Stored dataset items
++++++++

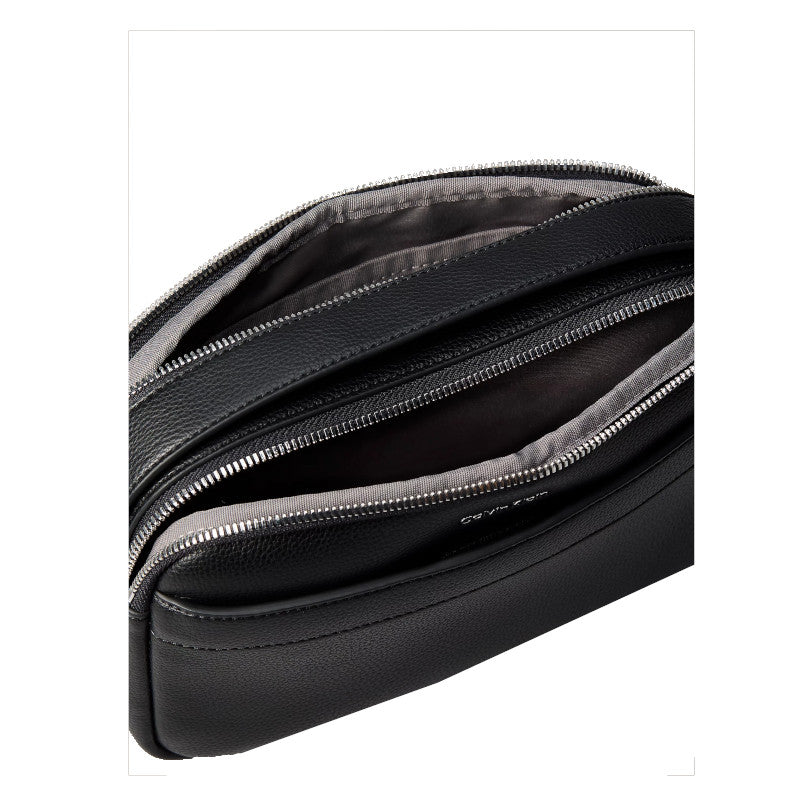 CALVIN KLEIN Sac caméra avec logo en relief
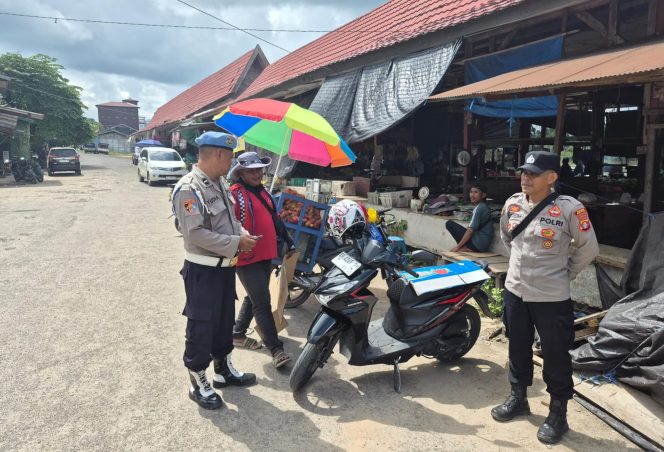 
					PATROLI DIALOGIS POLSEK HANAU SAMBANG PASAR SAIK, BINA KETERTIBAN DAN CEK TUKANG PARKIR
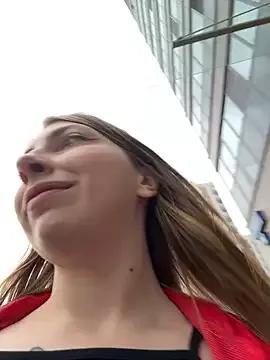 Discover our girls online shows and discover the company of countless livestreamers, with stunning shapes, sex toys and more.
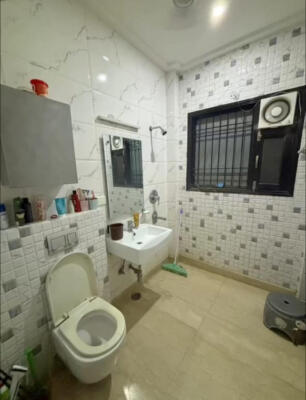 4 BHK Independent Builder Floor in Naraina Vihar, Delhi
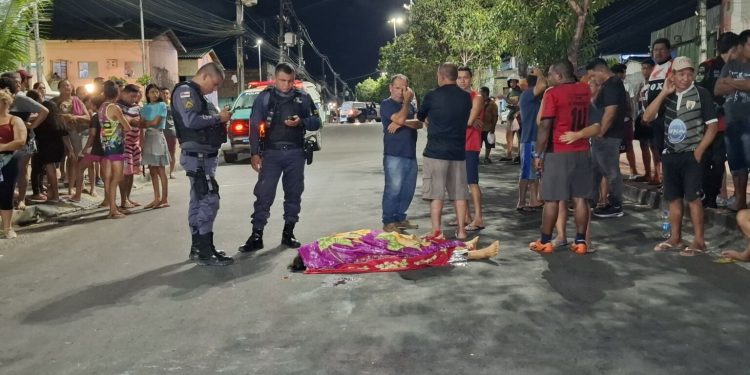 Mulher morre atropelada ao ser empurrada para a rua em Manaus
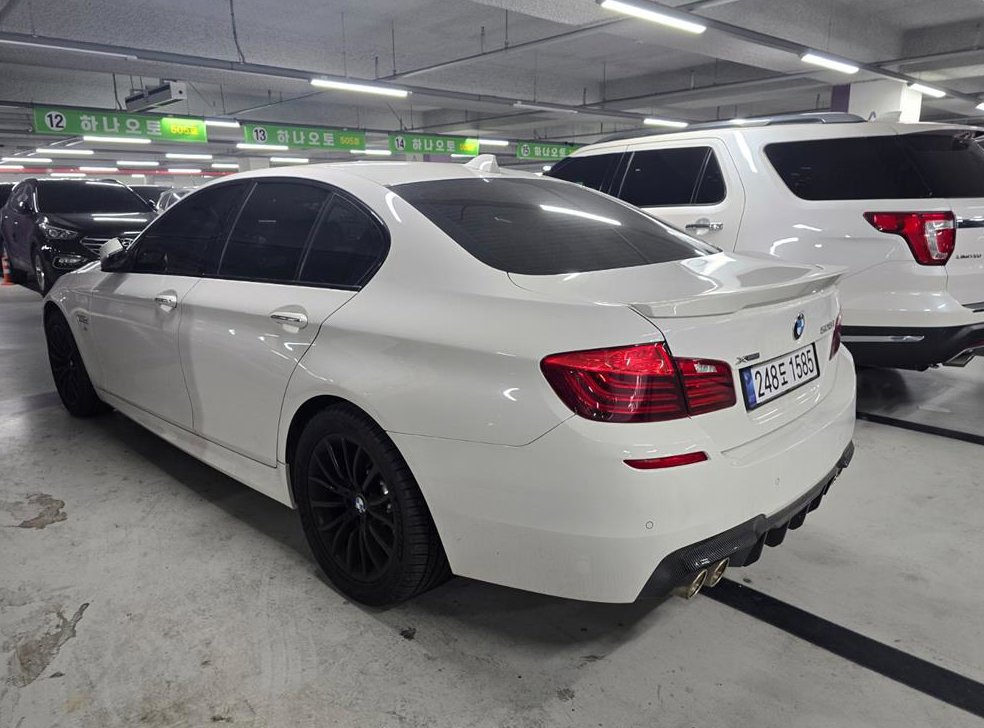 BMW 5시리즈 528i xDrive M 에어로 다이나믹 사진 5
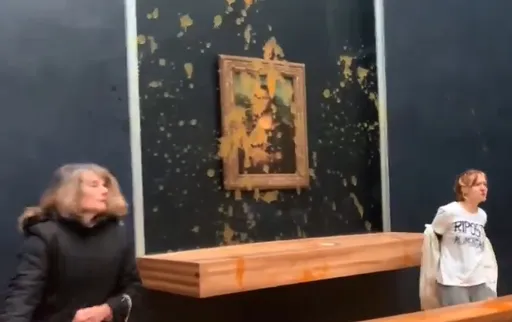 世界名畫《蒙娜麗莎》遇襲！2女狂潑不名液體　犯案過程曝光
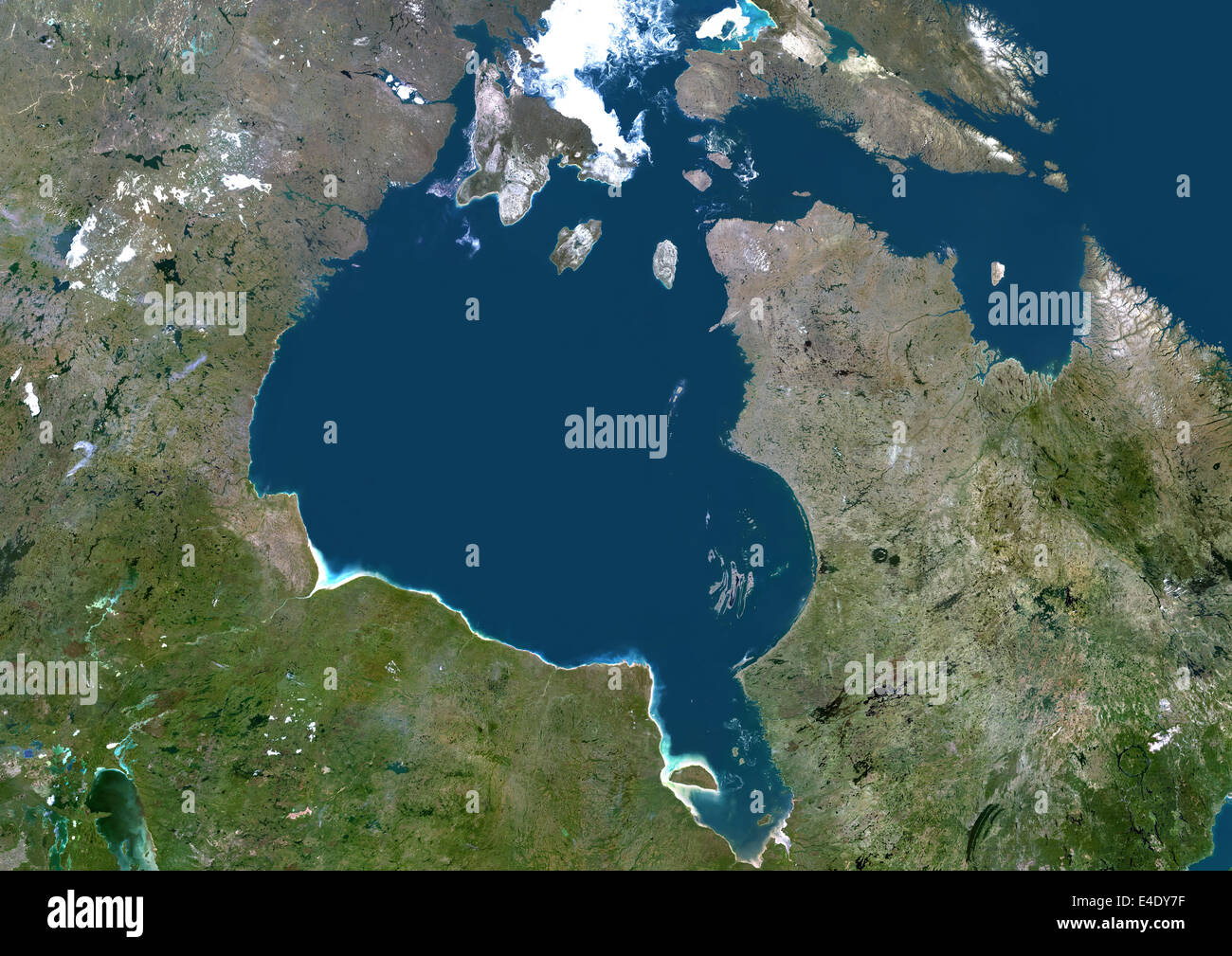 Hudson Bay, Kanada, Echtfarben-Satellitenbild. Echtfarben-Satellitenbild der Hudson Bay, ein großer Körper des Wassers in Nordostwind Stockfoto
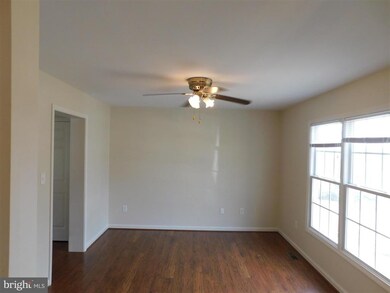 15112 N Ridge Ave, Greencastle, PA 17225 - photo 3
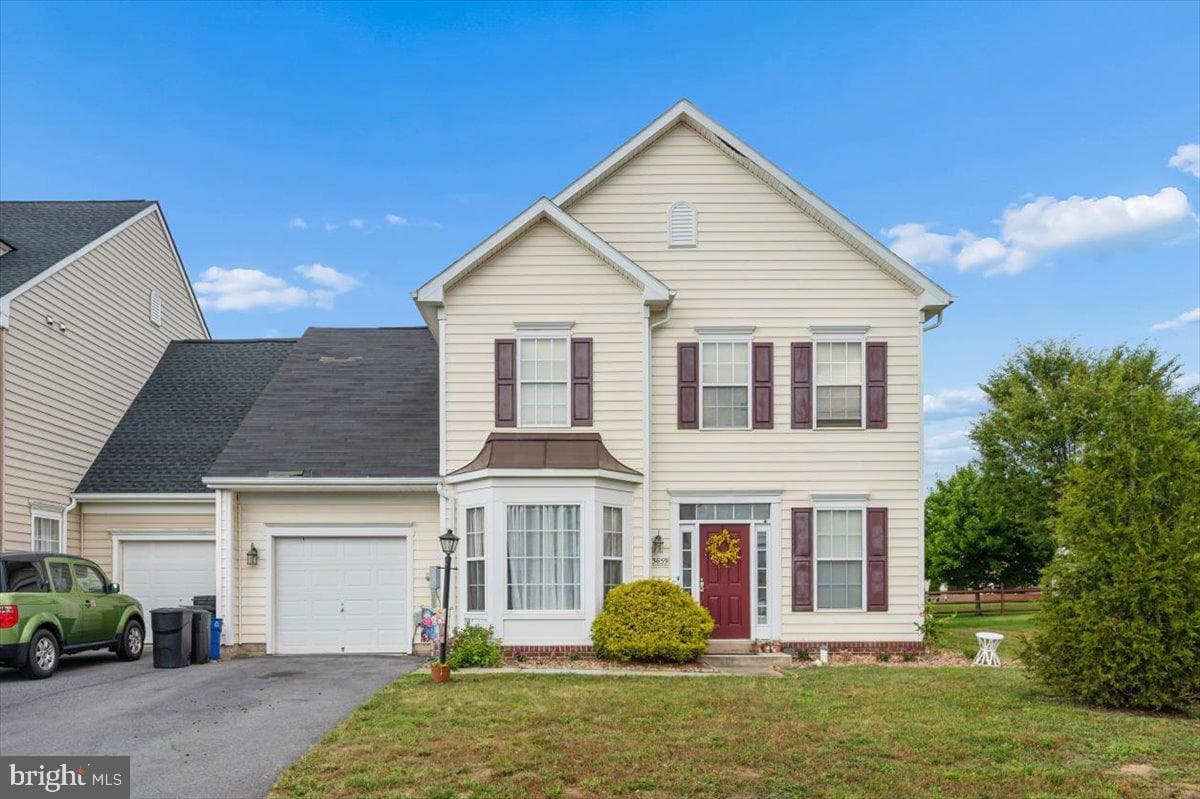 3659 Rolling Hills Dr, Greencastle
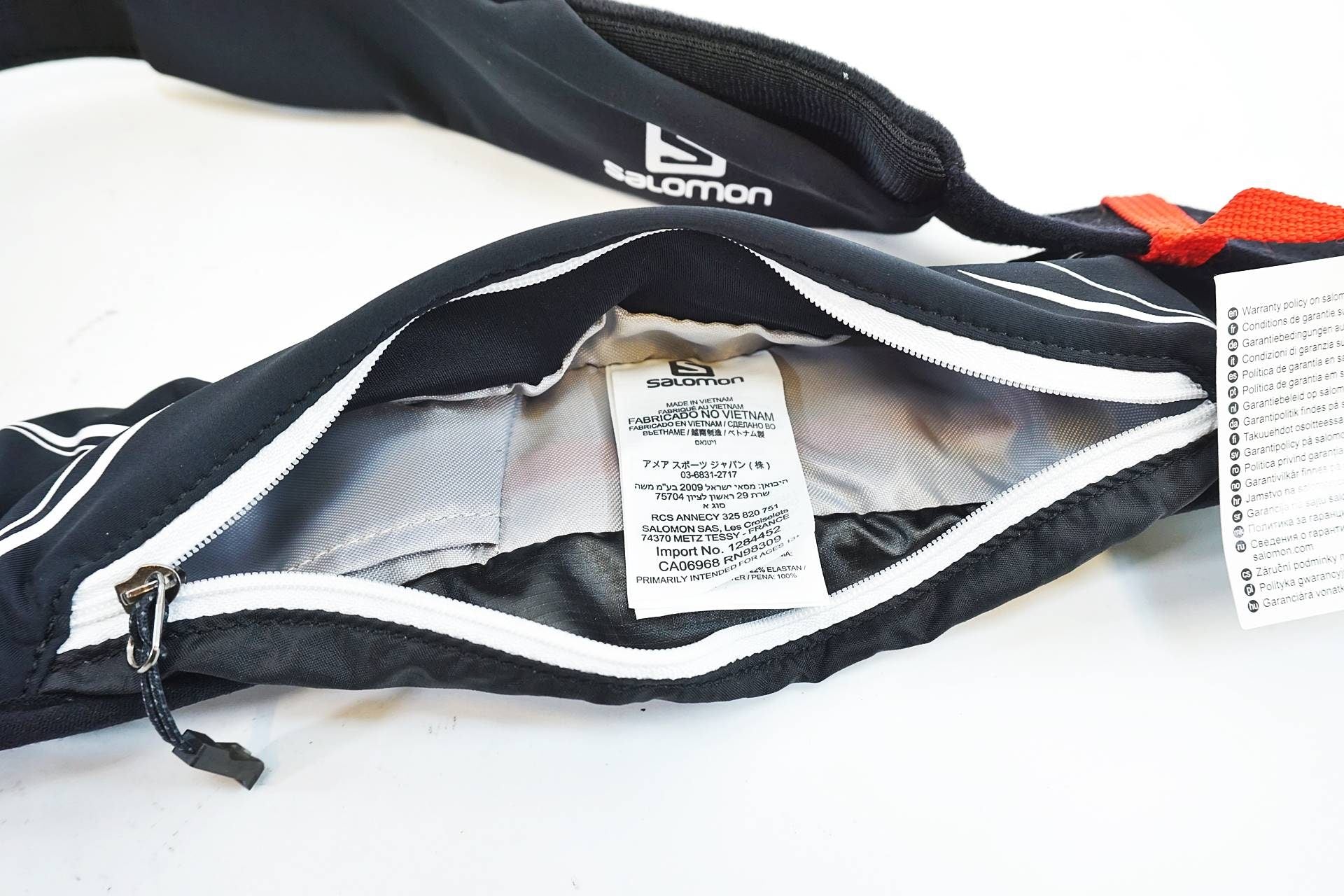 SALOMON 「サロモン」 AGILE 250 ポーチ / 有明ガーデン店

++++++++

» Task goal: Repeat only the stretch of data above that runs from the line with "PATROLI DIALOGIS POLSEK" to the line with "BMW 5시리즈 528i xDrive M 에어로 다이나믹 사진 5". Keep both end lines; exclude pictures.

» Response below:
					PATROLI DIALOGIS POLSEK HANAU SAMBANG PASAR SAIK, BINA KETERTIBAN DAN CEK TUKANG PARKIR
 Discover our girls online shows and discover the company of countless livestreamers, with stunning shapes, sex toys and more.
 4 BHK Independent Builder Floor in Naraina Vihar, Delhi
 Mulher morre atropelada ao ser empurrada para a rua em Manaus
 BMW 5시리즈 528i xDrive M 에어로 다이나믹 사진 5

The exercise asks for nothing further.